What you are asked to do
Your response should consist of the data that follows, repeated in full without alteration.

▼

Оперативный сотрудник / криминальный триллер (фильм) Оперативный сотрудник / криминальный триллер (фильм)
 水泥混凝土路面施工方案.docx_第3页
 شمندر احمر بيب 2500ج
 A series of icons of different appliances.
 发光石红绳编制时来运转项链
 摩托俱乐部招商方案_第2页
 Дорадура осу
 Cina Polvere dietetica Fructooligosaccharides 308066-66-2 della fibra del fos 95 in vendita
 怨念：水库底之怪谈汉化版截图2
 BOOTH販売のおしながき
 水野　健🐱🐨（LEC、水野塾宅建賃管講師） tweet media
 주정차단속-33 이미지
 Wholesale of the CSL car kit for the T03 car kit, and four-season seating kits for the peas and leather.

▲

The answer
Оперативный сотрудник / криминальный триллер (фильм) Оперативный сотрудник / криминальный триллер (фильм)
 水泥混凝土路面施工方案.docx_第3页
 شمندر احمر بيب 2500ج
 A series of icons of different appliances.
 发光石红绳编制时来运转项链
 摩托俱乐部招商方案_第2页
 Дорадура осу
 Cina Polvere dietetica Fructooligosaccharides 308066-66-2 della fibra del fos 95 in vendita
 怨念：水库底之怪谈汉化版截图2
 BOOTH販売のおしながき
 水野　健🐱🐨（LEC、水野塾宅建賃管講師） tweet media
 주정차단속-33 이미지
 Wholesale of the CSL car kit for the T03 car kit, and four-season seating kits for the peas and leather.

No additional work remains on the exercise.